There is no exhaustive guide to finding the root cause for a Cluster Failover, mainly because it is an approach thing. I do, however, want to talk about a few cluster concepts here, which might help you understand the messages from the various logs better.
checkQueryProcessorAlive: Also known as the isAlive check in SQL Server, this executes “SELECT @@servername” against the SQL Server instance. It waits 60 seconds before running the query again, but checks every 5 seconds whether the service is alive by calling sqsrvresCheckServiceAlive. Both these values(60 seconds and 5 seconds) are configured “by default” and can be changed from the properties of the SQL Server resource in Failover Cluster Manager/Cluster Administrator. I understand that for SQL 2012, we’ve included some more comprehensive checks like running sp_server_diagnostics as part of this check to ensure that SQL is in good health.
sqsrvresCheckServiceAlive: Also known as the looksAlive check in SQL Server, this checks to see if the status of the SQL Service and returns “Service is dead” if the status is not one of the following:
So if you see messages related to one of these checks failing in either the event logs or the cluster logs, you know that SQL Server was not exactly “available” at that time, which caused the failover. The next step, of course would be to investigate why SQL Server was not available at that time. It can be due to a resource bottleneck such as high CPU or memory consumption, SQL Server hung/stalled, etc.

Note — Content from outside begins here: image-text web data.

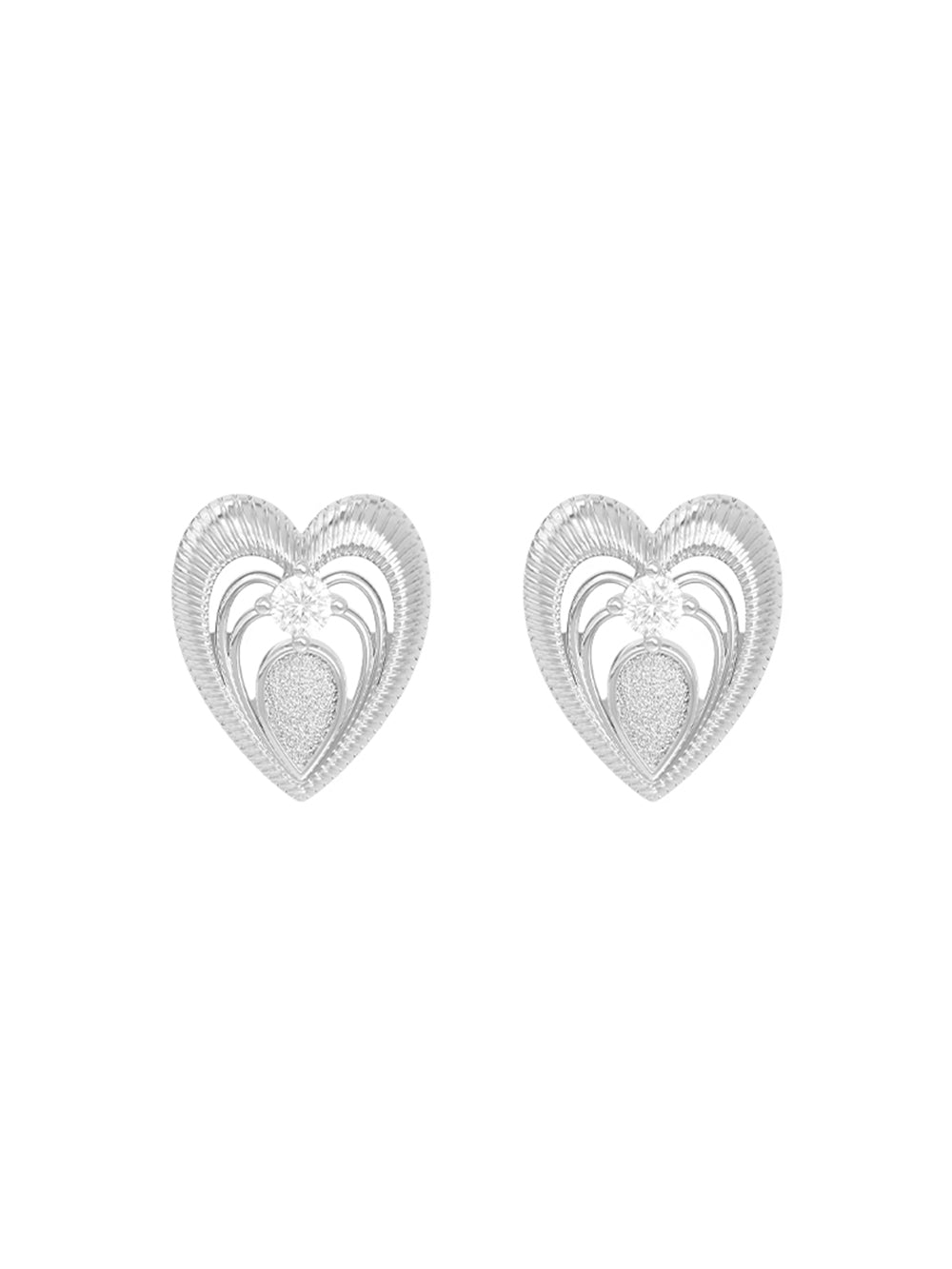 MUKTANK×SUN HUNTER Lace heart ear clips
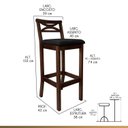 Ver imagem 3 de Banqueta Alta X 103cm x 38 cm Copacabana Preto/Capuccino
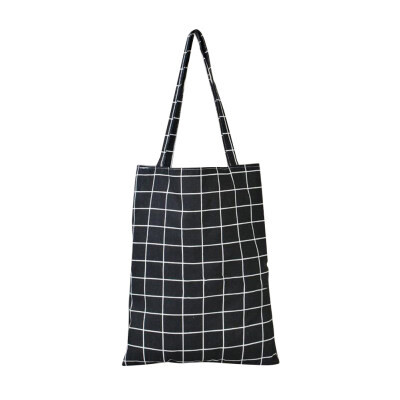 

Women Handmade Cotton Linen Casual Plaid Print School Student Tote Shoulder Bag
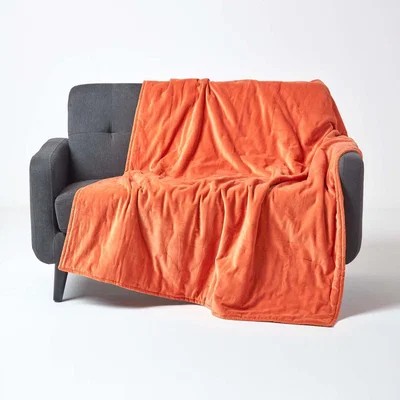 The Range Homescapes Velvet Quilted Throw with Stitch - Burnt Orange / 150cm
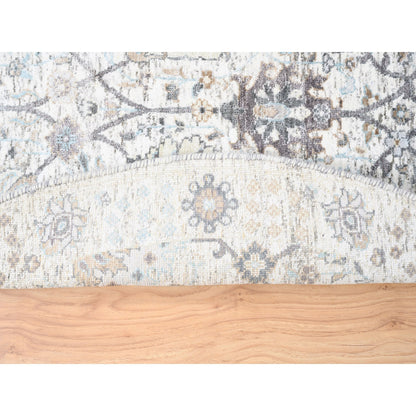 Transitional Wool & Silk Hand Knotted Rug Ivory No Border 5.0X5.1 -O062286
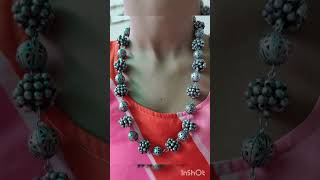 Silver Look Like Beaded Balls long chain necklace set latestgoldchokernecklacedesigns [upl. by Erv]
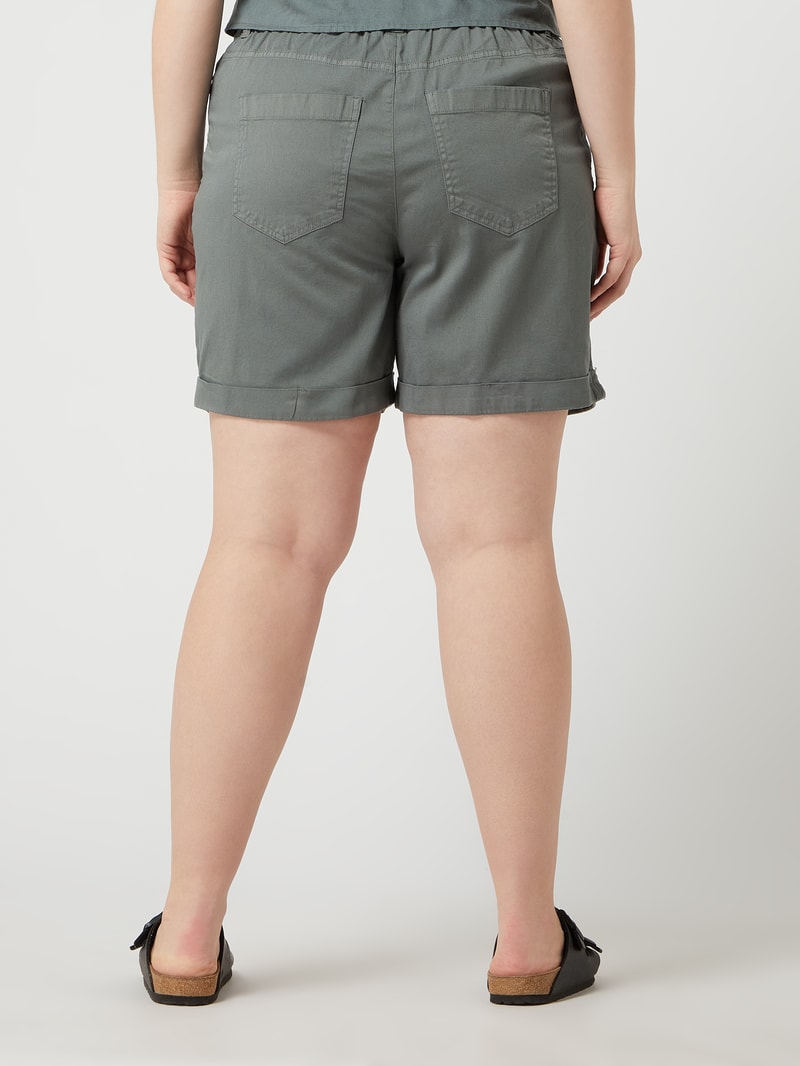 PLUS SIZE Relaxed Fit Shorts mit elastischem Bund in khaki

The base idea here, as with any post-mortem analysis, is to construct a logical series of events leading up to the failover, based on the data. If we can do that, then we have at least a clear indication on what caused the failover, and more importantly, how to avoid such a situation in the future.
If you’re still unable to determine anything about the cause of the failover, I would strongly recommend contacting Microsoft CSS to review the data once and see if they’re able to spot anything.
Hope this helps. As always, comments, feedback and suggestions are welcome.